Published on 27 June 2016
A fascination for frogs has turned into both a career and an environmental crusade for University of the Sunshine Coast science graduate Jono Hooper.
Frogs are the focus of Jono’s work as an environmental scientist with local consultancy Future-Plus Environmental, and he is also “speaking up for frogs” as the President of the Queensland Frog Society.
The 2010 Burnside State High School captain said his interest in frogs grew into fascination while studying frog ecology as part of his USC Science and Honours degrees, completed in three instead of four years.
Not just content to conduct research on frogs – in particular the threat of urban development on the local Wallum Frog – Jono also took up their cause.
While still at university he became editor of the Frog Society’s Frogsheet newsletter, and developed his own website FroggingAround.com. Since graduating two years ago, he has been president of the Frog Society.
“As president I’m able to become more involved with the society, frogs and networking with other people who also appreciate frogs as much as I do,” Jono said.
“Attending events, setting up displays and running workshops are some ways we can speak up for frogs as we educate the community about frogs and what people can do to help.”

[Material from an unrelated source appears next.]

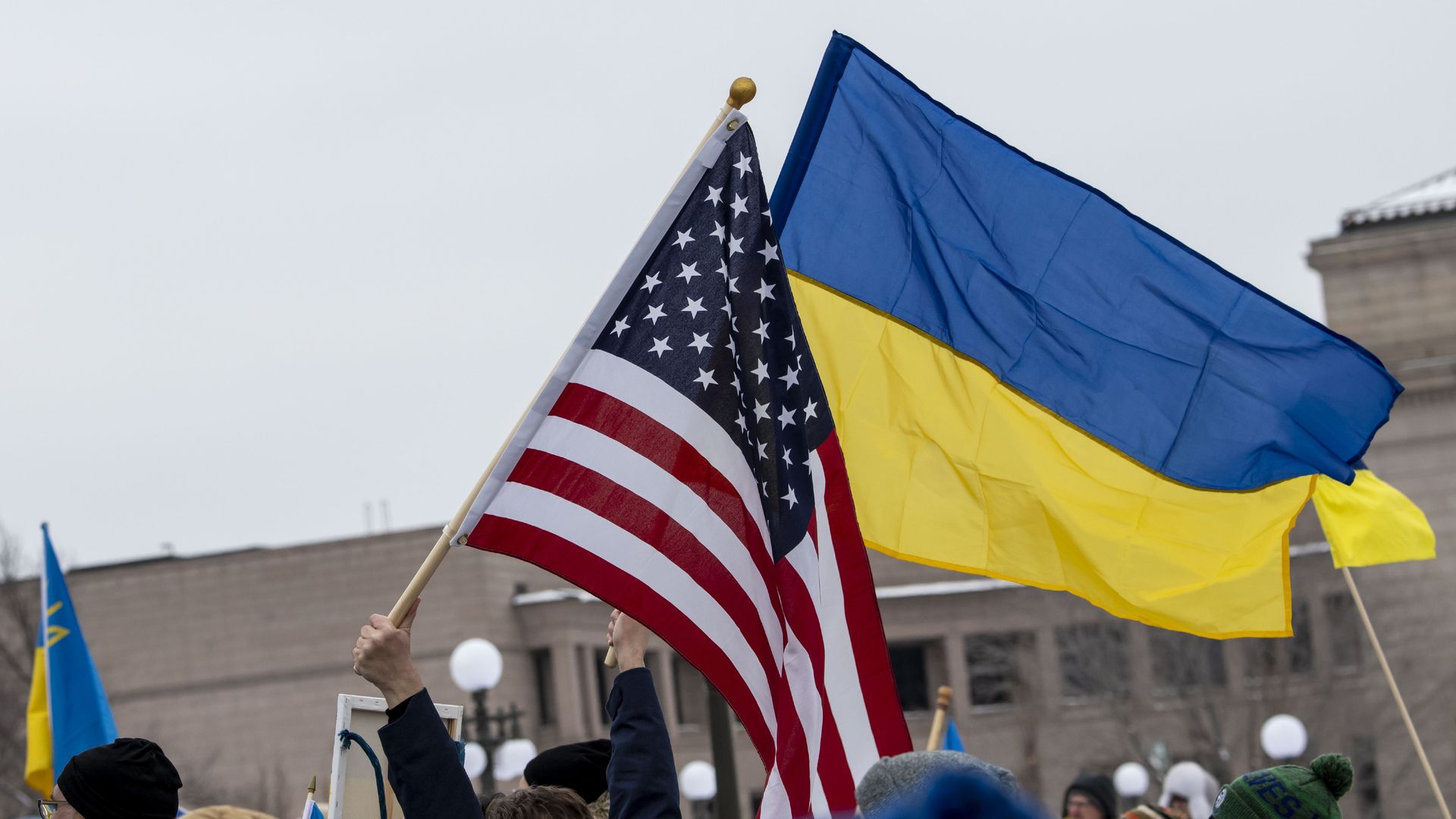 U.S. and Ukrainian flags during a rally in support of Ukraine in St. Paul, Minnesota, in March 2022.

He said the annual World Environment Day served to remind people to appreciate the important role that frogs played in our world.
“Frogs are amazing animals and utilise a variety of habitats one wouldn’t expect,” he said. “Their presence can also indicate the health of the environment, as their permeable skin is often susceptible to pollutants.”

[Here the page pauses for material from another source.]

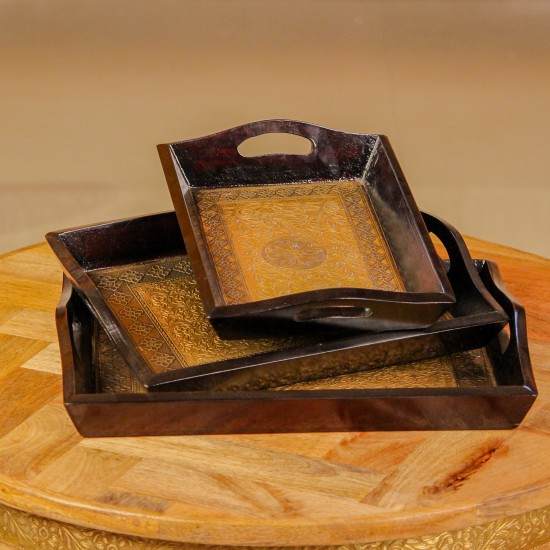 Set of 3 brass work wooden serving trays floral design Indian handicraft decor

Jono said his work at Future-Plus Environmental allowed him to utilise his passion and knowledge of frogs by taking lead roles in frog monitoring, surveys and relocation of frogs and tadpoles from creek systems.
“I also provide advice and feedback to clients regarding the best approach on how to manage threatened frog species, such as the Wallum Frog and other endangered frogs.”
Jono said working to protect frogs impacted by infrastructure projects was one of the most interesting aspects of his role.
“We often find the same frogs back at the same locations we have safely relocated them from a couple of nights before,” he said. “This gives us valuable understanding into frog movements.”